Stammesführer Martin Kliemank zeigt sich sehr dankbar gegenüber allen Eltern, Helfern und Unterstützern, die mit ihrem Engagement in den vergangenen Jahren so viel ermöglicht haben. Zuletzt konnte auf dem Gelände ein Spielplatz fertiggestellt werden. Auf der Rückseite seines Hügels befindet sich eine Art Arena mit zahlreichen Sitzplätzen, wo der Stamm zusammenkommen kann. Es erinnert an ein Amphitheater. Und auch sonst gibt es vieles: Eine überdachte Kochstelle samt gemauertem Ofen. Eine Finnhütte, die vor vielen Jahren – in drei Einzelteilen – vom Knappensee nach Saalau umgesetzt wurde und heute als Gruppenraum dient. Ein weiteres Gebäude beherbergt Sanitärräume sowie einen Raum mit Spüle und Sitzgelegenheiten. Nicht zu vergessen ist der große Bauwagen, der eine ganze Werkstattausrüstung bereithält und nach Bedarf auch in einem kleinen Umkreis mobil eingesetzt werden kann.
In der zweiten Gruppenstunde, die seit den Lockerungen wieder möglich ist, werden gemeinsam Burger gebraten und Waffeln gebacken. Denn jedem der acht Kinder in dieser Sippe, unter den Gruppenführern Klara und Maxi, wurde eine ganz bestimmte Funktion übertragen. An diesem Nachmittag geht es um die Rolle des Kochs. In der Woche zuvor gab es einen ausgelassenen Nachmittag in Bezug auf den Spielemeister. Daneben gibt es noch den Feuerwart, den Sanitäter, den Zeremonienmeister und den Chronisten. Hannah, die letztere Aufgabe ausführt, wird im Anschluss zu Hause die Gruppenstunde schriftlich zusammenfassen, wie sie erzählt. Laut eigener Aussage wendet sie dafür weniger als eine halbe Stunde auf und kann bis zu einer Seite mit den Eindrücken füllen. Für sie ist die Sippe mittlerweile zu einer Familie zusammengewachsen. Außerdem bedeutet für Hannah die Zeit, die sie mit den Pfadfindern verbringt, sogar einen „Energiekick“, schwärmt sie. Seit 2017, als sie acht Jahre alt war, ist sie dabei und schätzt all die neuen Erfahrungen, die sie hier machen kann, wie zum Beispiel ein Zelt aufzubauen. Julius und Laurenz, die gemeinsam an den Bratpfannen stehen, mögen neben den Spielen, Zeltlagern, dem Am-Feuer-Sitzen und der Gemeinschaft, dass sie viel Zeit in der Natur verbringen können. Für Anna hat sich gezeigt, dass es hier völlig egal sei, ob man Mädchen oder Junge ist. „Und hier lerne ich Dinge, die in der Schule nicht vorkommen“, ergänzt sie.

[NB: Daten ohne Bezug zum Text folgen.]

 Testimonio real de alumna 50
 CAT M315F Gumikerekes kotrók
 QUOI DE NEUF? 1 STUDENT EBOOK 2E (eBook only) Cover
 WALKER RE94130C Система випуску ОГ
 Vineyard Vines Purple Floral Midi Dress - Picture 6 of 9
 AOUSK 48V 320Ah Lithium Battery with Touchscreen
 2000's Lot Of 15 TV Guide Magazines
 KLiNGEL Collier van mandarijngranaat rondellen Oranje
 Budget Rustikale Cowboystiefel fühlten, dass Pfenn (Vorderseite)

Klara führt gemeinsam mit Maxi die Sippe, die seit einem halben Jahr besteht, nachdem die Kinder den Wölflingen „entwachsen“ waren. Eine kleine Ausbildung zum Gruppenführer im Vorfeld gehört dazu. Gemeinsam bereiten sie die Gruppenstunden vor und führen sie selbstständig aus. Klara ist Pfadfinder geworden, weil sie durch die Erzählungen der Geschwister angesteckt wurde. Mittlerweile sieht die 14-Jährige, dass sie durch die Erlebnisse und vor allem die Reisen mit ihrem Stamm immer selbstständiger, unabhängiger und auch umweltbewusster geworden ist. Auf ihrem dunkelblauen Hemd sind schon einige Abzeichen mehr zu sehen, als bei den Jüngeren, die sich auch ihr typisches Halstuch erst noch „verdienen“ müssen.

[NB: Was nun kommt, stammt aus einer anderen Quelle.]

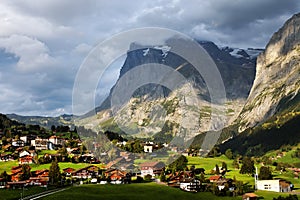 Grindelwald Village in Berner Oberland photo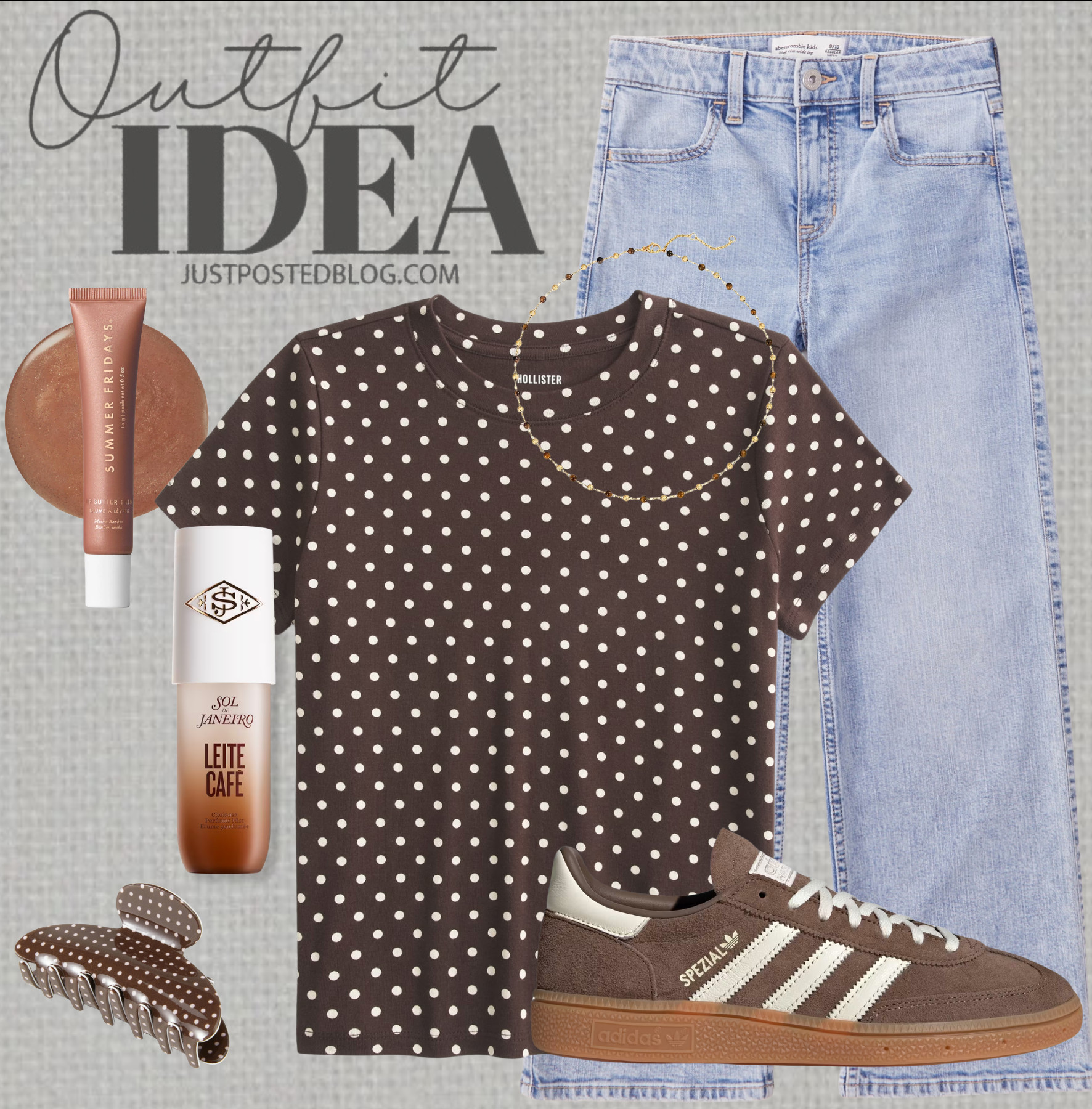 This is such a perfect outfit for fall!! The top is so soft, and under $10 right now!! 

 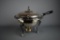 Vintage Silver Plate Chafing Dish on Rechaud Frame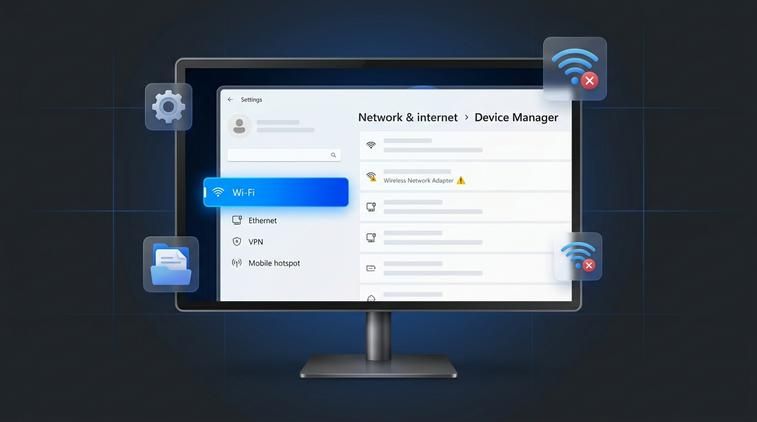 Thiếu driver WiFi Win 10 - dấu hiệu nhận biết và nguyên nhân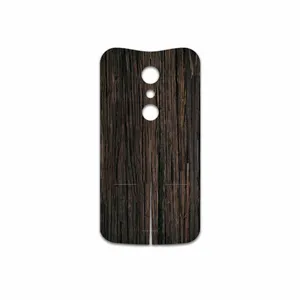 MAHOOT Burned Wood Cover Sticker for Motorola Moto G 2nd gen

Jedes Abzeichen hat seine Bedeutung und erzählt vom Erfahrungsschatz des Trägers. Im sogenannten Probenbuch werden alle Fertigkeiten festgehalten. Gleich auf der ersten Seite ist die Kenntnis der Pfadfindergesetze abgezeichnet, die auf Nachfrage alle gemeinsam zügig aufzählen können. In den zehn Sätzen werden vor allem auch Werte vermittelt, denn das Pfadfindersein ist mehr als ein Hobby – vielmehr eine Lebenseinstellung. „Man bleibt für immer Pfadfinder“, bestätigt Martin Kliemank.